I have enjoyed my trailer for a couple of years now but it just didn't allow me to do all the things I wanted to do. My new Class A won't either, but I'll be able to do a lot more of those things with this RV than I could with "Bivouac". When Bivouac was hooked to the tow vehicle the entire thing was over 40 feet long....That requires a lot of space to maneuver and turn around. I had to be real careful about where I went so that I didn't get myself boxed in. Believe me, backing up a 40 foot rig for more than a few hundred feet is not something you look forward to doing!
My new rig is 25 feet long, bumper to bumper. This is a size that I can easily "boondock" in. For the uninitiated, "boondocking" is the art of overnight camping in areas that do not have power and water hookups and many times are not in recognized campgrounds.
One of my favorite sayings is "Life is a Tradeoff" and it is true in this case as well.
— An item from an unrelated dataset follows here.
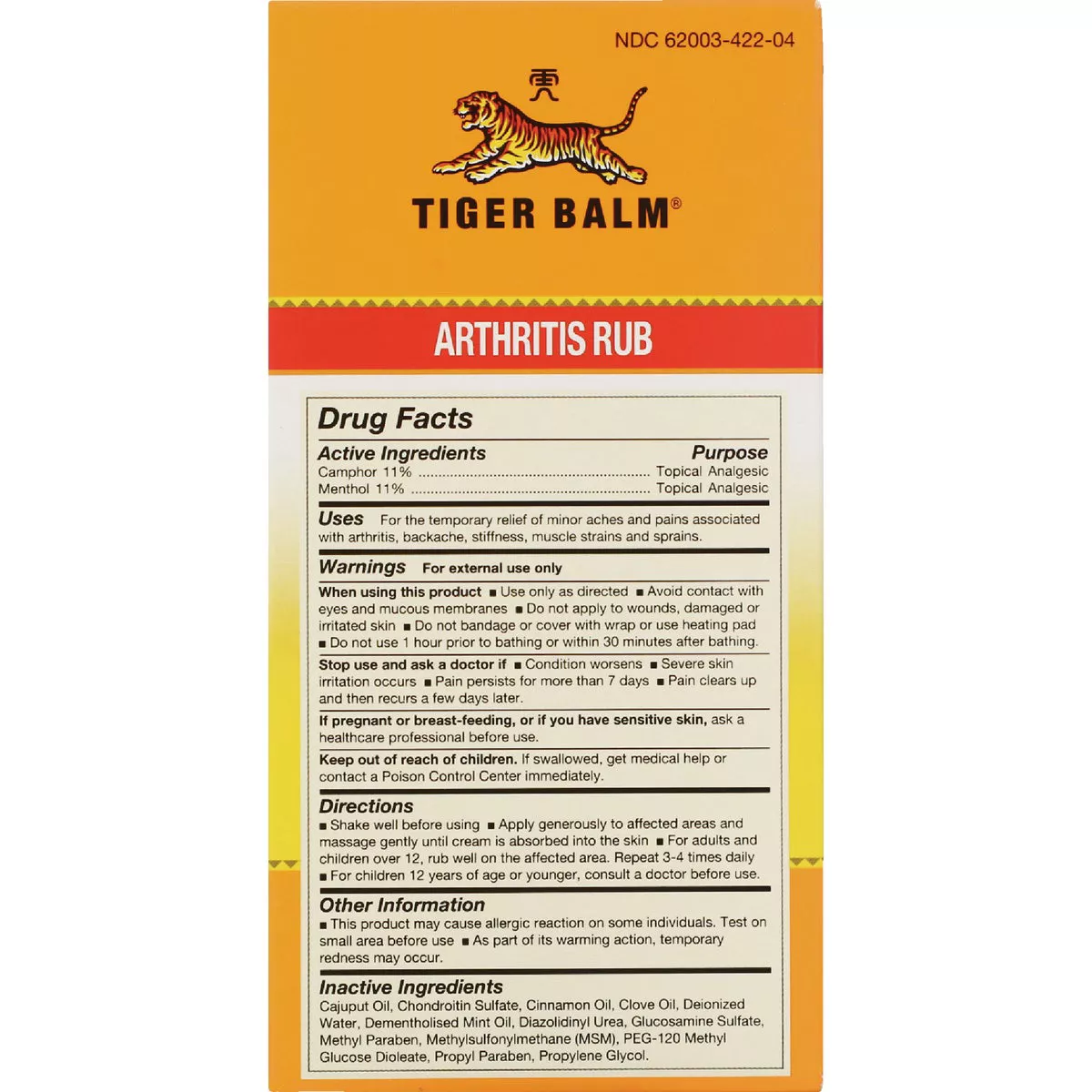 Tiger Balm 4 Oz. Arthritis Rub Pain Reliever - photo 3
When I exchange 40 foot length for 25 foot length I lose living space, storage space and a separate transportation vehicle. For my purposes however, this will not be an issue and things are going to work just fine.
It will be about 10 days until the title is transferred, required mechanical work is completed and I can think about "gettin on down the road". Actually, I don't need to think about it at all. I have already laid out a shakedown cruise to New Mexico, so as soon as all the irritating details are taken care of....I'm gone!
As a follow up to my last post about my built in oven, I am currently waiting for a part to be shipped to me. The repair service has decided to change out three parts including a new blower fan which they feel will resolve the problem. My online research indicates that it will not. Anyhow, the parts were scheduled to be installed today but one part is back-ordered so the repair has been rescheduled for next week. As soon as the repair guy puts the unit back in the wall, I will start the self clean cycle with every expectation that it will self destruct.....hope I'm wrong, but I don't think so.
Thanks for visiting.
Thursday, February 14, 2008
It seems as if I have become involved in an old fashioned cheat the customer scam....and it looks like I'm in company with hundreds or thousands of others.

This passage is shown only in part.